Der Tages-Anzeiger berichtet über die Stimmungslage im Bundeshaus in Bezug auf die vom Bundesrat vorgelegte Botschaft zu den Ueberbrückungsleistungen.

So viel Tempo legt der Bundesrat selten an den Tag. Im Mai beschloss er im Grundsatz, den über 60-Jährigen nach einer Aussteuerung aus der Arbeitslosenversicherung eine existenzsichernde Überbrückungsleistung zu gewähren. Gut fünf Monate später schickt er die Vorlage bereits ans Parlament. Normalerweise braucht der Bundesrat vom Grundsatzentscheid bis zur Botschaft ans Parlament etwa eineinhalb Jahre.

Der Grund für die Eile ist die europapolitische Agenda. Voraussichtlich im Mai kommt die Begrenzungsinitiative der SVP vors Volk, welche die Kündigung der Personenfreizügigkeit verlangt und damit die bilateralen Verträge mit der EU gefährdet. Bereits bei der Masseneinwanderungsinitiative war die Angst der über 50-Jährigen vor dem Arbeitsplatzverlust ein Grund für die Zustimmung. Die Überbrückungsleistung sei eine Antwort auf das Unbehagen in der Bevölkerung und auf den Druck auf dem Arbeitsmarkt, sagte Sozialminister Alain Berset vor den Medien. (…)

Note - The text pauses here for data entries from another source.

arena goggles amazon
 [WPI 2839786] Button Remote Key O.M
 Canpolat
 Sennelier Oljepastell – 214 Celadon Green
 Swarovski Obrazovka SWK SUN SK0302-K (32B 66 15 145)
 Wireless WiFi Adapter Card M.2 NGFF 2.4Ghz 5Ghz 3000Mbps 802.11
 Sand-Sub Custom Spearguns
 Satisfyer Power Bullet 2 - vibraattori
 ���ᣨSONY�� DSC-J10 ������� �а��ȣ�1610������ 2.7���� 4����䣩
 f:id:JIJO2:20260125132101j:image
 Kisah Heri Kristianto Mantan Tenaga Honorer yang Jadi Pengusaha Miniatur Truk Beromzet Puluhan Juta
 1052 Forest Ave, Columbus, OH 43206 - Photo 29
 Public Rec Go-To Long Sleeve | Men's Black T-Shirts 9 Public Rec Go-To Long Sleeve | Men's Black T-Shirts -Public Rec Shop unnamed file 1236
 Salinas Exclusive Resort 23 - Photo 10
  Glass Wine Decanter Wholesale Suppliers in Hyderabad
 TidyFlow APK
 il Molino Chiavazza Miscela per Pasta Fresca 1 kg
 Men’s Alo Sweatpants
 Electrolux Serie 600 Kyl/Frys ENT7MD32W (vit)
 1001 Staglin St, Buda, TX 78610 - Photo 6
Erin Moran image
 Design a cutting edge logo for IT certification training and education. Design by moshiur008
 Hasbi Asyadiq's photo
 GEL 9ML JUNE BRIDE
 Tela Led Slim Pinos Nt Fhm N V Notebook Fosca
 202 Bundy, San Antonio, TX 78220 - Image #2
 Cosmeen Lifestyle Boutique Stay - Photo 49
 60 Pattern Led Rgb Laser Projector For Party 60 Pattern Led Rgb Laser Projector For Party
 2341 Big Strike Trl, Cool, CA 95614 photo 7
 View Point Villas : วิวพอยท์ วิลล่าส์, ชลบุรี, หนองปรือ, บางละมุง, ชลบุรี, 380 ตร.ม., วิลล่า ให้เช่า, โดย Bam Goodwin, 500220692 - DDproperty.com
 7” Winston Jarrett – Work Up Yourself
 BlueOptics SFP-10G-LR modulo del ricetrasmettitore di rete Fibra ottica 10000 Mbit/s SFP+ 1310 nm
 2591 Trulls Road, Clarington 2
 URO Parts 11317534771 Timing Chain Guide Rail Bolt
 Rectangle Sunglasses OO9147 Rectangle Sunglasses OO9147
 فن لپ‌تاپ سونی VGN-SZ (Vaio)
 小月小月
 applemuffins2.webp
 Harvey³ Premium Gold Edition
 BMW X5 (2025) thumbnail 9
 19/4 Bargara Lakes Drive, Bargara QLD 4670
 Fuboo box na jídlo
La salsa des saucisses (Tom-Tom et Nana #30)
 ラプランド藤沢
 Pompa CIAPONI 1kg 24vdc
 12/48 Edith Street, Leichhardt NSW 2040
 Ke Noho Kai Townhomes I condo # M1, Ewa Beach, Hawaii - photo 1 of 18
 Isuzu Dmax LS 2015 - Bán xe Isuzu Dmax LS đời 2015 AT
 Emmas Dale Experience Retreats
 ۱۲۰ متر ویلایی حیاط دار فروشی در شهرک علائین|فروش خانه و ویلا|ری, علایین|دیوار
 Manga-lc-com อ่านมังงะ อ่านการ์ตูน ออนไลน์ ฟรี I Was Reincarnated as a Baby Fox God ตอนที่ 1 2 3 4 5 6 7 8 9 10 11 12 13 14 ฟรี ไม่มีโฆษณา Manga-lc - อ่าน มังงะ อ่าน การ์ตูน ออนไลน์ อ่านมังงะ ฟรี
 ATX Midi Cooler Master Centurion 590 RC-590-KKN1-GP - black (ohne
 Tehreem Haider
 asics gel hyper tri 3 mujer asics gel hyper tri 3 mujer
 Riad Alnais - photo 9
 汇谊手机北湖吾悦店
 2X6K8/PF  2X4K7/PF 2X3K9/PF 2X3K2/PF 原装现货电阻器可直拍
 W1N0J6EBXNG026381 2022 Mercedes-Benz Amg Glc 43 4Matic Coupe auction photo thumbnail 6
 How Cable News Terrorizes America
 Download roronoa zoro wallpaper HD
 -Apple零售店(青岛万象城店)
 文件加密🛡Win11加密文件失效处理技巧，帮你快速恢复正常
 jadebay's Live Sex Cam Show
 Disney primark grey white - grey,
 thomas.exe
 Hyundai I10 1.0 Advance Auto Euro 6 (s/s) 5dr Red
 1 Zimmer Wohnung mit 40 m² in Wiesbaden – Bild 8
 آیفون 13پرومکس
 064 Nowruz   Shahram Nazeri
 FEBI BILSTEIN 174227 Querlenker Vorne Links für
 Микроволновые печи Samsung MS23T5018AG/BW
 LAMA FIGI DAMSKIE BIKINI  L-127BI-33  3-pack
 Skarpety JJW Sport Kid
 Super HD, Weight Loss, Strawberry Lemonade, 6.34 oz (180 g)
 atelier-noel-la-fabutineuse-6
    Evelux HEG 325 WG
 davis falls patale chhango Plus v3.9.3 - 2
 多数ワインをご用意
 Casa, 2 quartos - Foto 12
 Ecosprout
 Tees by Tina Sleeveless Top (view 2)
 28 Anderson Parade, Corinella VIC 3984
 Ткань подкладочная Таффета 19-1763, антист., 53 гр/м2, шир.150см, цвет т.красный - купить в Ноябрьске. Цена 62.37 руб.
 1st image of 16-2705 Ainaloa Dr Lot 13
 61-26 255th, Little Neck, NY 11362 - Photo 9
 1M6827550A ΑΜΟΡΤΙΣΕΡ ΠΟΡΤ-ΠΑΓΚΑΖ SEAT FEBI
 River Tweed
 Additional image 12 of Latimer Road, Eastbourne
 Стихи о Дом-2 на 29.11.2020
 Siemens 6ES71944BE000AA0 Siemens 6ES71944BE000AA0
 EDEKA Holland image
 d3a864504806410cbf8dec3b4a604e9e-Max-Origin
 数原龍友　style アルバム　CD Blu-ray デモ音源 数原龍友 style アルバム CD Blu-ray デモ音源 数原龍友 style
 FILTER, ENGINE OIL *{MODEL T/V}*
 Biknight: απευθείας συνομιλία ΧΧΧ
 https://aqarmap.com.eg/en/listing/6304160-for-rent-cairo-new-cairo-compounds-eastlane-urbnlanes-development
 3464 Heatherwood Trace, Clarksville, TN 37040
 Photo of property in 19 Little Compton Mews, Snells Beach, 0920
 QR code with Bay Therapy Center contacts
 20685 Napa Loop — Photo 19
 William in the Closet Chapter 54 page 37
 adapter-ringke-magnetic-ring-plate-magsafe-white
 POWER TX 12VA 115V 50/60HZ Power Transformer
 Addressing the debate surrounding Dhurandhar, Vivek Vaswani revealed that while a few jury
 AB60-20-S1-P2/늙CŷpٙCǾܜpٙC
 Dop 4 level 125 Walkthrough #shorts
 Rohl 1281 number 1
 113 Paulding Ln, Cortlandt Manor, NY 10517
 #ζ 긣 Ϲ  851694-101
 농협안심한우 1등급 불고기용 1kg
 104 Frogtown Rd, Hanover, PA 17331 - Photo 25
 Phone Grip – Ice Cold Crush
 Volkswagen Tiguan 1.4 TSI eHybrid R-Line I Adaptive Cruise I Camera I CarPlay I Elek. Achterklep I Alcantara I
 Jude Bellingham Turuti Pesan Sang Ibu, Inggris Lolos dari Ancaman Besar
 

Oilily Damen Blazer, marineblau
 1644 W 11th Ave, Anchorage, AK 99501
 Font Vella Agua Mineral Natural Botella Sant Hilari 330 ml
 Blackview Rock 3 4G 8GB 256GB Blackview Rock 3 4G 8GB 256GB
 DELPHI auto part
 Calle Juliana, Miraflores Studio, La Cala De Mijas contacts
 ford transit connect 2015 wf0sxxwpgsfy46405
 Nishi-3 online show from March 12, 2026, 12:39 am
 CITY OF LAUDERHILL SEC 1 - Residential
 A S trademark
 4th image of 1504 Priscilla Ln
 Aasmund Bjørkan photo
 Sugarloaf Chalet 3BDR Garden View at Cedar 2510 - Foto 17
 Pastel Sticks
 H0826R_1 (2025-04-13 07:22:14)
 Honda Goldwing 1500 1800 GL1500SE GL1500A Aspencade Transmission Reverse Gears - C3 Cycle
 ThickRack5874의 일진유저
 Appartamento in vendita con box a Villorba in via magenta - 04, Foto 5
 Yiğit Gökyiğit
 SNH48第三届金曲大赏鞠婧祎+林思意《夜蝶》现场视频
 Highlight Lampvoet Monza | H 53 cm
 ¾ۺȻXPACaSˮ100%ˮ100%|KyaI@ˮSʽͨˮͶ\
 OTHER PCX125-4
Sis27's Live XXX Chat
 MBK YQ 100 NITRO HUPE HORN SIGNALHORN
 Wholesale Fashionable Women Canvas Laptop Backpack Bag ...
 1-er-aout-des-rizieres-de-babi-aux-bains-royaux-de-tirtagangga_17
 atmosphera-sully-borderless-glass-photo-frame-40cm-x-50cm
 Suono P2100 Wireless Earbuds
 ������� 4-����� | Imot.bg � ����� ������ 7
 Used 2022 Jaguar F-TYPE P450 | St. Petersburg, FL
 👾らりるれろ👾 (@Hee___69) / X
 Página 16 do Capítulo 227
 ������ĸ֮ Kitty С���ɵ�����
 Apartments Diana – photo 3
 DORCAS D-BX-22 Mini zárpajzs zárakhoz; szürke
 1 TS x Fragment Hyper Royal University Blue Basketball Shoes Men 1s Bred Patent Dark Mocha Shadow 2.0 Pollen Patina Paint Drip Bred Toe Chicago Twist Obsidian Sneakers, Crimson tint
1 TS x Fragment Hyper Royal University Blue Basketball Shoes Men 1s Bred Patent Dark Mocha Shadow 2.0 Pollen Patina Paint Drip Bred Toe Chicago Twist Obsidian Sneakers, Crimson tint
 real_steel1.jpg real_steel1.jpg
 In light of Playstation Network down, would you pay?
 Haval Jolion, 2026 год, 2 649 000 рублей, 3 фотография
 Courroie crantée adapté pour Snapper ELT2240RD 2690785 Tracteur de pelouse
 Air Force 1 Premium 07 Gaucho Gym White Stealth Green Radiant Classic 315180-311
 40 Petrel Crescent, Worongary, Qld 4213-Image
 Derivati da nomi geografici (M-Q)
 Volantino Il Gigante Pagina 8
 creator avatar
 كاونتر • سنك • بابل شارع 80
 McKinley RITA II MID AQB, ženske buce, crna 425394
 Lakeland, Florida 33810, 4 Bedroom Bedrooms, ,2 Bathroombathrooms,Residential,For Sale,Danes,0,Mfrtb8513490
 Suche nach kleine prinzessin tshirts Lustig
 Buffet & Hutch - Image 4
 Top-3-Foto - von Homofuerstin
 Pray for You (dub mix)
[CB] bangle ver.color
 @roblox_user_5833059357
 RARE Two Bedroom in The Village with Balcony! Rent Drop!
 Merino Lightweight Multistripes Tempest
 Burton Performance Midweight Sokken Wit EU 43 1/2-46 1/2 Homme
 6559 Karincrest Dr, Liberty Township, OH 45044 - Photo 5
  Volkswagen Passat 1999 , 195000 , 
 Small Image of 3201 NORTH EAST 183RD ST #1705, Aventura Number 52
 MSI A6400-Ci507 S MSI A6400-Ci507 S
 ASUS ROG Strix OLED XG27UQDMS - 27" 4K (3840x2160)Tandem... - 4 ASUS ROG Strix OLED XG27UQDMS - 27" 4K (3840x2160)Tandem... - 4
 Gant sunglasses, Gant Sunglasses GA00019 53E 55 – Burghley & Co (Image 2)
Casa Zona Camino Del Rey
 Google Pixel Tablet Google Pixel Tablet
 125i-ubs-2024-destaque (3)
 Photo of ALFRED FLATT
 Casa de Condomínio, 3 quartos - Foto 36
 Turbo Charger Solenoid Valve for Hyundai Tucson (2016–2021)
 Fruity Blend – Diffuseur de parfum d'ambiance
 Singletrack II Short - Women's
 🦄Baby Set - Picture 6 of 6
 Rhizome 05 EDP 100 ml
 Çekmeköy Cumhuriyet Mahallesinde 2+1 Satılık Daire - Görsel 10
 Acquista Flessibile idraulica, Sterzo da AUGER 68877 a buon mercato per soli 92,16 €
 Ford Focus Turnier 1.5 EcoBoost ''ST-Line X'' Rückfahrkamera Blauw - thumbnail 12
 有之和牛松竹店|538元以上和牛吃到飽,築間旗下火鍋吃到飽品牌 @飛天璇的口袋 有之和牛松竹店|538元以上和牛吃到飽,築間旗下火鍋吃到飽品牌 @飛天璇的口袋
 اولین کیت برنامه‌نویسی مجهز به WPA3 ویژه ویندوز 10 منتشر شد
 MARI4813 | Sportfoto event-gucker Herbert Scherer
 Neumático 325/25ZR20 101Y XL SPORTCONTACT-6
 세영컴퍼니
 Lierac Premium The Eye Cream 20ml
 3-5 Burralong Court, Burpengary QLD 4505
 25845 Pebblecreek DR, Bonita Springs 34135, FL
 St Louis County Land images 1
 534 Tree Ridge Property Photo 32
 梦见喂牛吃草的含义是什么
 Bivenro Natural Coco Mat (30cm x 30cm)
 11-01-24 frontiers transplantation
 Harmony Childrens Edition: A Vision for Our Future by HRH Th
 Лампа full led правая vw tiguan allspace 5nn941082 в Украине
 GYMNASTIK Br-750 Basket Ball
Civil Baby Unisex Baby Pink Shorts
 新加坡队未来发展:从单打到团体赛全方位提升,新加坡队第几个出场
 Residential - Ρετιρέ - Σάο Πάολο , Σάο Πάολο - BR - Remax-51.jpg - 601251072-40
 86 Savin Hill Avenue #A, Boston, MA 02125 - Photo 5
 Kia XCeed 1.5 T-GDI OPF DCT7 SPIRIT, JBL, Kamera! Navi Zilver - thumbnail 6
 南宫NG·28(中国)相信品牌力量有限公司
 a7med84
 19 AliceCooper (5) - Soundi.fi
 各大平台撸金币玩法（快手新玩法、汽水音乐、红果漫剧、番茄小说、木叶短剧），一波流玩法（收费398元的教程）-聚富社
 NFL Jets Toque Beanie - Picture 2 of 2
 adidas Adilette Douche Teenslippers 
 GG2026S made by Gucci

Während die SVP die Überbrückungsleistung als schädlich ablehnt, weil noch mehr Angestellte vorzeitig in den Sozialstaat abgeschoben würden, meldet die FDP zumindest Vorbehalte an. Sie fordert, dass die Leistungen erst ab 62 Jahren gewährt werden und sich die Ausgesteuerten weiterhin um Arbeit bemühen müssen. Sonst hätten Arbeitslose ab 58 keinen Anreiz mehr zur Stellensuche, weil sie zuerst während zweier Jahre Arbeitslosengeld beziehen können. Die FDP lehnt die Überbrückungsleistung jedoch nicht grundsätzlich ab, nicht zuletzt, weil ihre Bundesrätin Karin Keller-Sutter die soziale Absicherung zusammen mit den Gewerkschaften ausgearbeitet hat. (…)

Die Grünliberalen halten die «Verrentung von älteren Arbeitslosen» für falsch, wie GLP-Nationalrätin Kathrin Bertschy sagt. Die Entlassung älterer Arbeitnehmer werde den Arbeitgebern dadurch noch erleichtert. Zudem konstruiere der Bundesrat einen Zusammenhang von Personenfreizügigkeit und Arbeitslosigkeit, der nicht existiere.

Die SVP kritisiert den Bundesrat scharf. Dieser wolle die Gewerkschaften mit einer neuen Sozialleistung dazu bringen, die Begrenzungsinitiative zu bekämpfen und dem Rahmenabkommen mit der EU zuzustimmen. Der Schweizerische Gewerkschaftsbund (SGB) lobt den Bundesrat hingegen. Endlich reagiere dieser auf die steigende Arbeitslosigkeit bei älteren Arbeitnehmern. Allerdings fordert der SGB, dass die Leistungen schon ab 57 Jahren gewährt werden.

Die Vorlage wird bereits im Dezember vom Ständerat behandelt. Es ist davon auszugehen, dass der Ständerat die Vorlage ohne wesentliche Änderungen akzeptiert. Denn SP, Grüne und CVP, die die bundesrätlichen Vorschläge unterstützen, dürften auch künftig eine Mehrheit in der kleinen Kammer haben. Im Nationalrat ist angesichts der Vorbehalte der FDP und der Ablehnung der GLP eine Mehrheit jedoch fraglich. Die Stimmen von SP, Grünen und CVP reichen nicht.